Not really an answer, but too long to be a comment.
I have thought about this question before, without much progress. It seems difficult. Even just to recognize if a manifold has the structure of a Lie group seems to be a difficult problem. And a manifold can be a Lie group in different ways.
For instance, the exponential map from the Lie algebra $\mathfrak{n}$ of strictly upper triangular $n \times n$ matrices is a diffeomorphism with the group $N$ of unipotent upper triangular matrices, so $N$ has its natural Lie group structure as well as the abelian Lie group structure obtained by transporting the addition from $\mathfrak{n}$ through the exponential map.
Thinking about it algebraically, asking for a manifold to be a Lie group is the same as asking for its function algebra to be a Hopf algebra (with some topology, perhaps), and the responses to this question seem to indicate that it is not very easy to recognize a Hopf algebra from the algebra structure alone.
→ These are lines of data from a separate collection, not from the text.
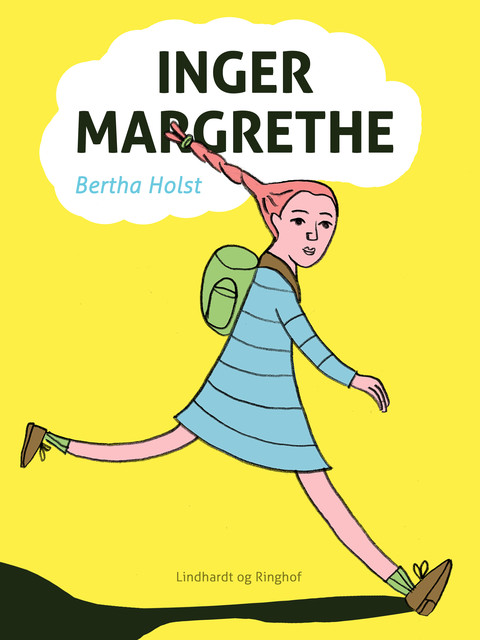 Inger Margrethe, Bertha Holst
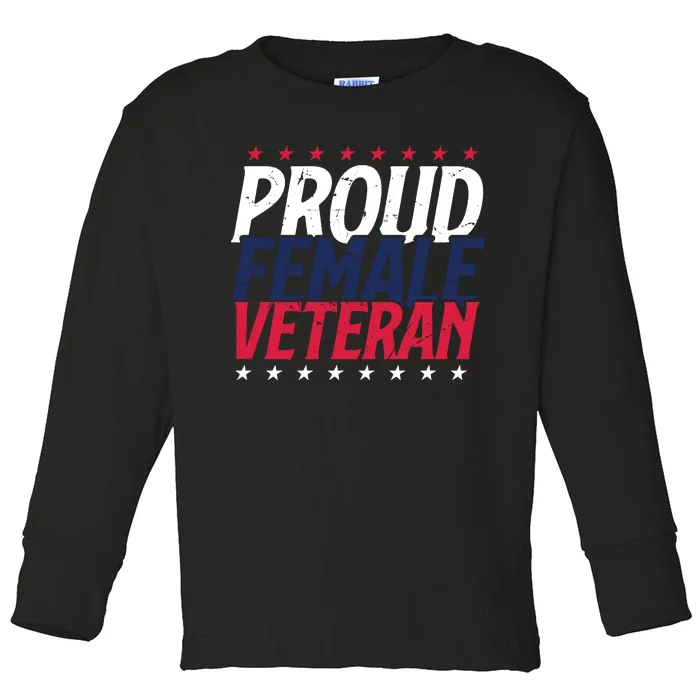 Proud Female Veteran Toddler Long Sleeve Shirt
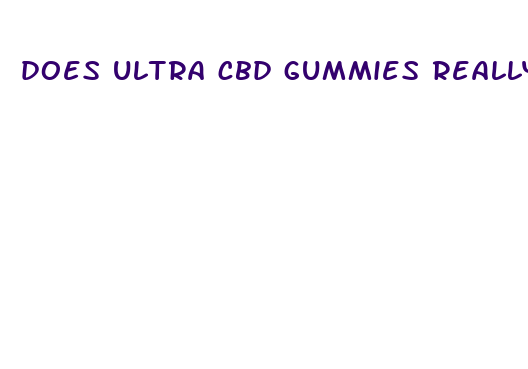 does ultra cbd gummies really work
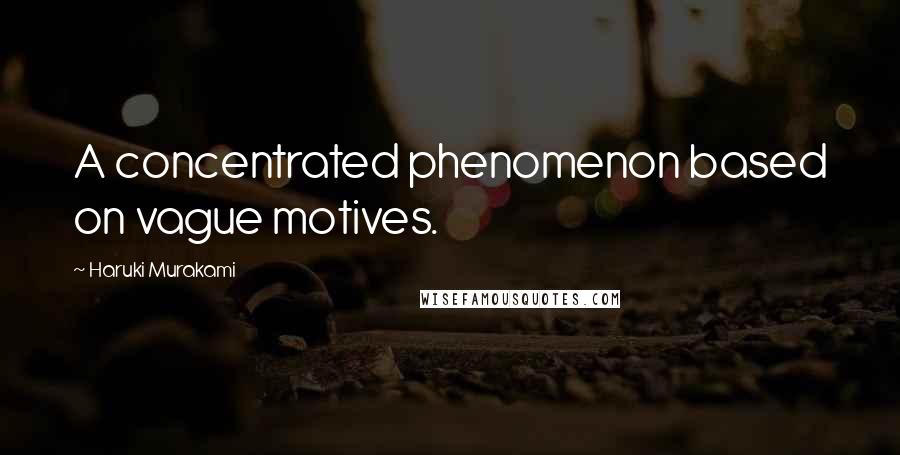 Haruki Murakami Quotes: A concentrated phenomenon based on vague motives.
If you want a homogeneous space rather than a Lie group, you are then asking for the function algebra to be a (right or left) coideal subalgebra of a Hopf algebra. That seems even more difficult than looking for a Hopf algebra structure. And again, there can be no canonical construction because the same manifold can be a homogeneous space of different Lie groups: for example, $S^2$ is a homogeneous space of $SU(2)$, $SL(2,\mathbb{C})$, $O(3)$, and $SO(3)$.
So I am pessimistic about there being a nice characterization, or even about the existence of simply stated sufficient conditions. But I'll be watching this thread and hoping that somebody comes up with something!
Edit: Oh yeah! I forgot to mention something. Thinking further about the problem of identifying a Lie group, given only the manifold structure: the multiplication map on a Lie group $G$ turns the cohomology ring of $G$ into a graded Hopf algebra. I don't know the details, but my understanding is that (perhaps with some assumption on the cohomology groups being finitely generated free modules over the coefficient ring?) that if the cohomology ring of a manifold has the structure of a graded Hopf algebra, then the manifold is an $H$-space, i.e. it has a multiplication and a unit map, but it is not necessarily associative. For instance $S^7$ is an $H$-space, but not a Lie group. So cohomology gets you a certain distance, but not all the way.